For T_e = 0.01 eV, after 5.00 ps of TTM simulations, as expected from the ionic nature of AgBr, the Ag atoms are positively charged (ca. + 0.25 |e|), whereas the Br species show negative charges. However, when the system is excited at 1.00 eV, the average charges still maintain similar behavior. At 2.00 eV, when diffusion processes of Ag atoms are initiated, the modulus of the average charges decreases, indicating the reduction and oxidation of Ag cations and Br anions, respectively. This process continues at the higher T_e investigated up to 6.00 eV, reflecting the formation of metallic Ag clusters, Br₂ molecules, and Br₃⁻ species.

4. Conclusions

The energy provided by FLI on AgBr in the zinc blend structure changes the structure and electronic properties under extreme nonequilibrium conditions. Both the FT-DFT and AIMD methods are employed using the two-temperature model (TTM). The AgBr equilibrium bulk volume and the band structure were simulated with the smaller T_e = 0.01 eV, and after that, total energy calculations were performed to study the electronic excitation.
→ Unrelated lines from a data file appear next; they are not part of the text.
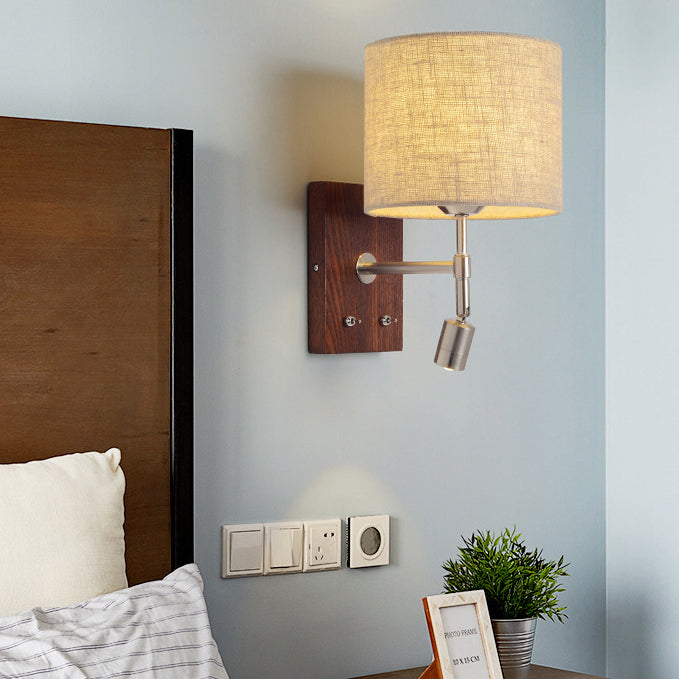 Rotatable Cylinder Fabric Iron 2-Light Wall Lamp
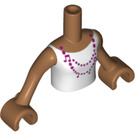 LEGO Medium donker vleeskleurig Andrea Torso, met Wit Halter Top en Magenta Halsketting Patroon (92456)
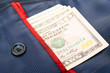 Money is in the internal pocket of coat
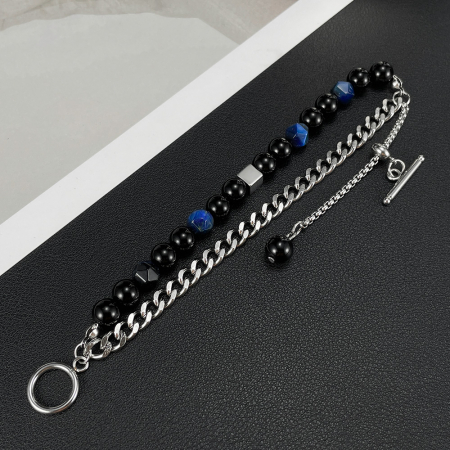 Bratara inox reglabila Unisex cu Onix [9]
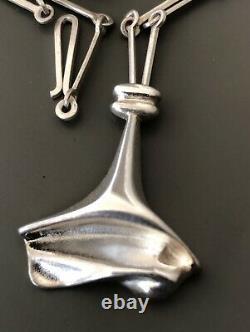 Lapponia Sterling Silver Mid Century Pendant Necklace Finland Bjorn Weckstrom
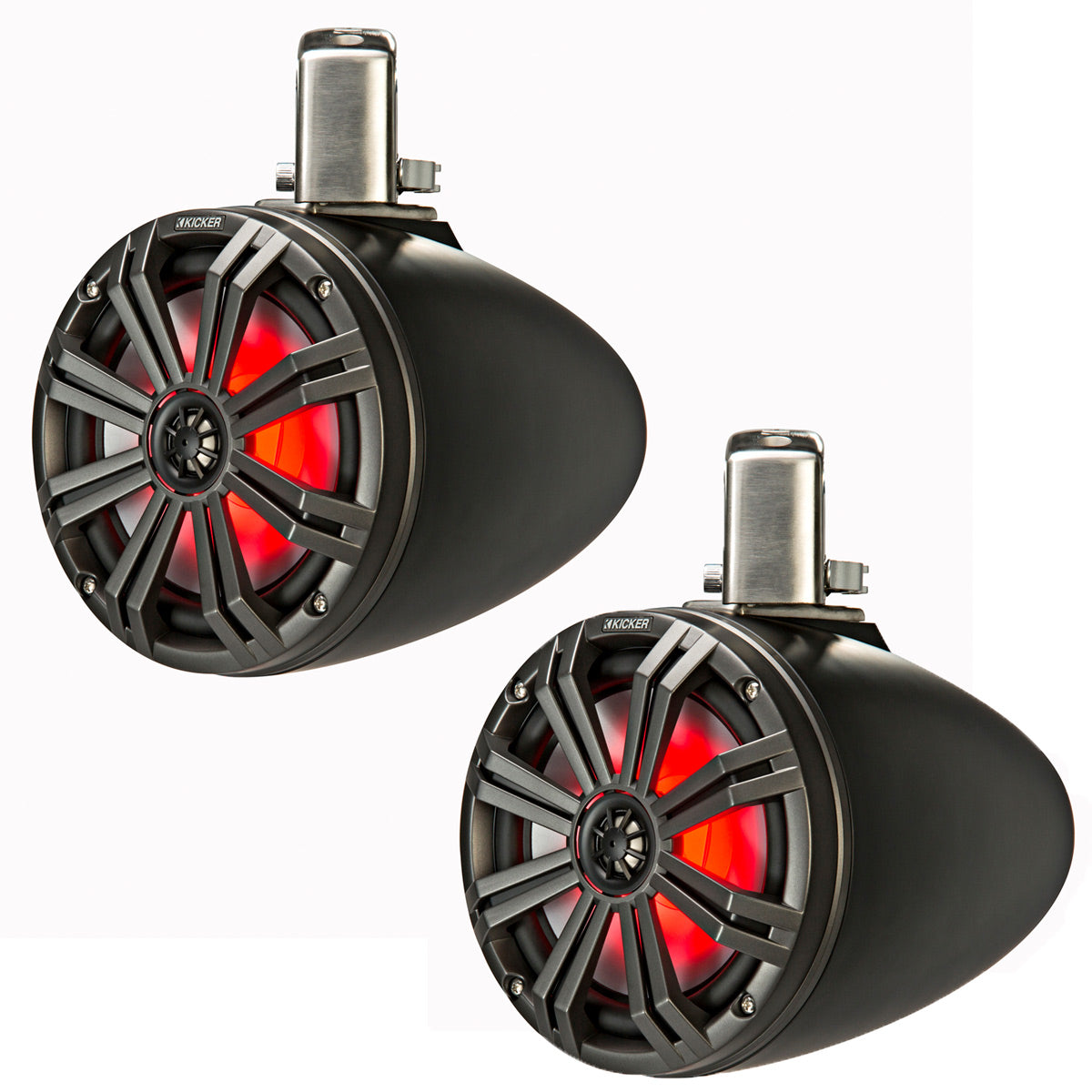 Kicker 45KMTC8 8" Marine Coaxial Tower System Pair (Charcoal) World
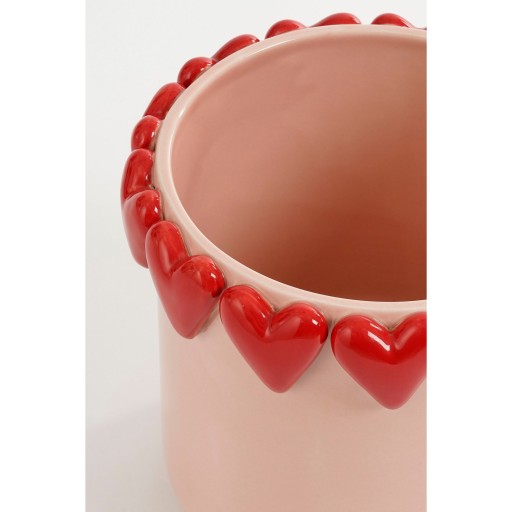 Bloempot met Hartjes - H18 x Ø21 cm - Dolomiet - Roze, Rood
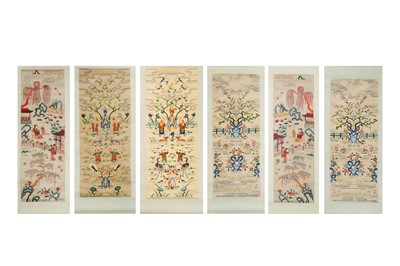 Lot 741 - A GROUP OF SIX CHINESE EMBROIDERED HANGING SCROLLS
The main results of the present study can be summarized as follows: (i) the electronic properties are practically the same until T_e = 0.10 eV and the electrons begin to occupy the CBM for T_e = 0.25 eV; (ii) the structural and vibrational properties do not alter up to T_e = 1.00 eV, while for electronic excitation T_e = 3.00 eV, it was noted that the system becomes unstable; (iii) for smaller electronic temperatures than T_e = 1.00 eV, the atoms oscillate near their equilibrium positions, while for higher electronic excitation, the atomic displacements increased as a function of the T_e; (iv) for T_e = 2.00 eV, the kinetic energy of Ag, in comparison to Br, induces the formation process of Ag clusters and the subsequent diffusion process, while the Br atoms form Br₂ molecules and evaporate instantly; (v) the increase in T_e, favors the Ag clustering process; (vi) for T_e = 5.00 eV and T_e = 6.00 eV, the formation of Br₃⁻ complexes is observed; and (vii) RDF, MSD and electronic charge investigations for each electronic temperature confirm the appearance of the Ag clustering process, and the formation of Br complexes in specific regions of the material.

We hope that the present results contribute to the understanding and rationalization of the structural and electronic effects that FLI induces on materials and can be employed as a model for the rational design of new functional materials that can be applied in the microelectronics industry.